The task of suddenly asking a workforce, never before judged on performance or profitability, to make this shift without impacting the customer experience is more than a challenge. The entire customer experience has been built on loss making practices. How can one then change the infrastructure and habits of the venue without changing the experience? One cannot.
We at OnSite can therefore only emphasize the importance of opening your unit with commercial principles from day one. Start with a profitable customer from day one, focus on efficiencies and profit maximization from day one. With the profits generated, invest those into your business for marketing, advertising and growth and creating an even better customer experience. Refine your margins, refine your operations, streamline your back of house but with these principles, you will be refining an already profitable model as opposed to fixing a model which operates with flawed economic foundations.
I am not suggesting that you focus only on profit at the expense of a customer. There is a fine line here and it requires providing your customers with value for money and a great experience – and in return for this you should receive not only revenue but profit. This is a business not a charity, so operate it as one with credible financial intentions.
Opening restaurant which is immediately loss making and with no clear plan as to how to reverse that immediately creates a sense of false security. Great cash flow, a busy restaurant and fantastic reviews give, as we have noted, a false impression.
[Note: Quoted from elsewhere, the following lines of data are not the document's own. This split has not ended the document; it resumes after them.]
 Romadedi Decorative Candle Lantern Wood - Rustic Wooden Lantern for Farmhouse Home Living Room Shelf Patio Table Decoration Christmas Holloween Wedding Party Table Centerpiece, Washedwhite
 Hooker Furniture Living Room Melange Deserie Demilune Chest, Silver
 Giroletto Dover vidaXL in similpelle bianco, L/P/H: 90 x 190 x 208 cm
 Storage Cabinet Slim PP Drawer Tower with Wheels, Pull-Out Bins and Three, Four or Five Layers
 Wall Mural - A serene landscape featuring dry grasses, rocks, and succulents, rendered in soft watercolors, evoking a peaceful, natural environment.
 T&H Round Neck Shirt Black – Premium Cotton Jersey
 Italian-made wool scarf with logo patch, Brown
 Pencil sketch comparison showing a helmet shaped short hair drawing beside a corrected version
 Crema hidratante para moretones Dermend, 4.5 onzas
You are building a restaurant and a customer base that you will quickly have to disappoint. Consider this: your lack of detail on the cost of your stock, for example, may mean your customers are paying lower than market price for a meal you offer them. You may be undercharging because you are not clear how much that plate cost you.
Those customers may not be so loyal when the product or the price changes (when you realize you are not charging enough to create a viable restaurant). You have created a benchmark for your experience, service standard and product and any modification could drive such customers elsewhere. Again, this emphasizes that the ‘tweaking’ of your venue should take place before you open and not afterwards.
There is no value or point to opening a restaurant and charging your customers for an experience that loses you money. Once created it is difficult to change and often alienates your customer base. Employees benefit (salary), the landlord benefits (rent) and the vendors thrive (stock), but you’ve lost money. This is clearly not the intention.
Busier restaurant, bigger losses. You may think you need more customers to meet the break-even point based on your existing business model so now you are turning your attention to driving revenue, turning tables and sheer volume. Unless you are a quick-serve, this will never work.
Your ability to juggle the increasing number of angry vendors calling daily takes a huge proportion of management time. However it may be that this feels manageable … until a major obstacle arises.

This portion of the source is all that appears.